“Touch the Sound,” a documentary portrait of accomplished percussionist Evelyn Glennie, has an obvious hook, which is worth getting out of the way immediately. Having lost 80 percent of her hearing as a child, Glennie is essentially deaf.
During an interview, a journalist asks her, “How can a profoundly deaf person become a musician?” Director Thomas Riedelsheimer’s decision to cut before she answers suggests contempt for such questions. Later on, Glennie responds to this query in a roundabout way––being a deaf musician has forced her to examine herself and her senses in ways that people with full hearing capabilities never think about. Therefore, she finds the question patronizing and unnecessary. To Riedelsheimer’s credit, by the end of his film Glennie’s deafness seems almost irrelevant.
“Touch the Sound” is subtitled, “A sound journey with Evelyn Glennie.” A road movie of sorts, it follows her to New York, Germany, Japan, her brother’s farm in Scotland, and Santa Cruz. In New York, she plays a snare drum to an enthusiastic crowd in Grand Central Terminal. In Germany, she records an album of improvisations with guitarist Fred Frith. All the while, she keeps her eyes open for potential new instruments. In Japan, she improvises a drum kit out of a pair of chopsticks, cups, glasses, and plates. At the farm, she bangs on scrap metal. For the most part, the film doesn’t address her personal life, but Glennie mentions her late father, who played the accordion, as a source of inspiration.

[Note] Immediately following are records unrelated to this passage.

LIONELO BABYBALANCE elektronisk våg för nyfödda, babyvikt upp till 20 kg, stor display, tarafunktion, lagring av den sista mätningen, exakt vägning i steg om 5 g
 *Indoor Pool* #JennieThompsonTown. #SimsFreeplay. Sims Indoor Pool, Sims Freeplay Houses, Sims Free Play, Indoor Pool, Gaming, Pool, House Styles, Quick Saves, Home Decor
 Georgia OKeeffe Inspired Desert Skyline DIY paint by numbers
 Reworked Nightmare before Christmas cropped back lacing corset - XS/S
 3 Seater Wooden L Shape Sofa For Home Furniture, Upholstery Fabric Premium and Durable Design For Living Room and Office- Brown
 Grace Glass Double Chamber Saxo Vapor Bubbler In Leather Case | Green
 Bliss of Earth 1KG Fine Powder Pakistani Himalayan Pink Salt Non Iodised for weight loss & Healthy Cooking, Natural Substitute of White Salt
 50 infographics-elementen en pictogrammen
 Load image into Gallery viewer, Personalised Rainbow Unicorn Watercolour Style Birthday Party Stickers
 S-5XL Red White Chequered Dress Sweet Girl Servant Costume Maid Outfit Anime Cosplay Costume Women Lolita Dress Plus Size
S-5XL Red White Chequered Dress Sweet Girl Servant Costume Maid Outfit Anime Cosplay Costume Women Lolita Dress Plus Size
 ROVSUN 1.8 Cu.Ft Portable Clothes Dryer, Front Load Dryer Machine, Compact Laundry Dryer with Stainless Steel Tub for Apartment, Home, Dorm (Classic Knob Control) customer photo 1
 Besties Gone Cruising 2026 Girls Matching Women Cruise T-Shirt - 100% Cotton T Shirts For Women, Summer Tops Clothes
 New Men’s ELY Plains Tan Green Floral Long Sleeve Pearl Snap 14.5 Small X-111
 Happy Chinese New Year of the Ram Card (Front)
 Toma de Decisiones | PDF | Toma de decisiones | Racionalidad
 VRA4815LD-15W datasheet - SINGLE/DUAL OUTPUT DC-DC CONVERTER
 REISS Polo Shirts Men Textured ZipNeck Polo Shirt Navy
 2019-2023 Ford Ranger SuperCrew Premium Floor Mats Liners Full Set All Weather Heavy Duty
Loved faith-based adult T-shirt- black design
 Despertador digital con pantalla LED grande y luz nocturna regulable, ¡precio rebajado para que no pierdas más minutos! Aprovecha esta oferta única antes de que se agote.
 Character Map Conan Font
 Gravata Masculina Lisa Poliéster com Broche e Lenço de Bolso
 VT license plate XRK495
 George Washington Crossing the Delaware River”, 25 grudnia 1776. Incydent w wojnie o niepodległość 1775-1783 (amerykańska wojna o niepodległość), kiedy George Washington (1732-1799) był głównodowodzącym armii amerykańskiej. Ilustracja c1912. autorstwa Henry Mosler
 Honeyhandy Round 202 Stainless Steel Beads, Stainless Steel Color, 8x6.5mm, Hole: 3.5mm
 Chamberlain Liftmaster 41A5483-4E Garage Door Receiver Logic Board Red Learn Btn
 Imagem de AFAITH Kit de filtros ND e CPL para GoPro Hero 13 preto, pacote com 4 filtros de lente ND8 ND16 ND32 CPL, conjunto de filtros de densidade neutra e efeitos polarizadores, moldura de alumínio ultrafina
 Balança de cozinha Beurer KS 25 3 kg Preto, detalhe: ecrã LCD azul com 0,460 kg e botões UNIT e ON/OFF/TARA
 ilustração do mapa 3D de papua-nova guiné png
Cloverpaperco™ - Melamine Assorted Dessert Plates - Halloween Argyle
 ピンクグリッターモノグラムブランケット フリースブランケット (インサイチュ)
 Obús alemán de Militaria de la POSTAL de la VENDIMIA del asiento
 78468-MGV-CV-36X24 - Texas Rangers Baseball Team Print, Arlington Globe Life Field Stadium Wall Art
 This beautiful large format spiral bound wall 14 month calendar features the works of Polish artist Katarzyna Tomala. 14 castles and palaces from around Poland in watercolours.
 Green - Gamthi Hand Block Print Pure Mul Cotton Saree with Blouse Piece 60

Riedelsheimer and his four sound designers create a carefully layered soundtrack––and not just during Glennie’s performances. He depicts urban life as a rhythmic cacophony. When Glennie walks down a New York street, we hear a symphony of construction workers banging on metal, drills, subway rumbles, people talking faintly on cell phones, and other everyday noises. These are the kinds of sounds most New Yorkers generally try to tune out, but Riedelsheimer sees potential beauty in them. He depicts Glennie playing with another drummer on a rooftop, as construction and demolition happen around them, timed to their rhythms.
At worst, Riedelsheimer’s sensibility recalls the New Age mush of Godfrey Reggio (without the Philip Glass soundtrack); it’s no accident that he named his last film “Rivers and Tides.” “Touch the Sound” is full of images of running water, its final scene juxtaposing a glistening river with blurry close-ups of Glennie playing the marimba. It asks the audience to wake up to the rhythms around us, whether in cities or in nature.
Glennie’s rapport with other musicians is astonishing, as she sensitively responds to their input. Playing along with a pianist, her marimba propels the rhythm without calling attention to itself. With Frith, she uses a vocabulary of unusual sounds to match his experimental techniques, which include playing guitar with a violin bow and drumsticks.
Riedelsheimer’s style is unusually sensual for a documentary, as his camera pirouettes around Glennie while she drums in Grand Central. “Touch the Sound” is full of Steadicam tracking shots, especially in the studio where she and Frith play together. Rather than use digital video, he shot it on 35mm.
Early in “Touch the Sound,” Glennie teaches a deaf girl to play a large bass drum, telling her to watch it and keep her finger poised on its skin in order to feel its vibration. She tells Riedelsheimer that when one loses a sense, the others grow stronger in order to compensate, alluding to the power of a sixth sense. It’s difficult for a person with full hearing to hear through touch, as Glennie does, but she insists on the validity of this experience.
Unfortunately, it’s even more difficult to make a film evoking this sensation without disappearing into airy mysticism––after all, sight and hearing are the only two senses film can directly stimulate. Some of Riedelsheimer’s images do succumb to such lightness. But on the whole, “Touch the Sound” explains beautifully how a person like Glennie perceives the world.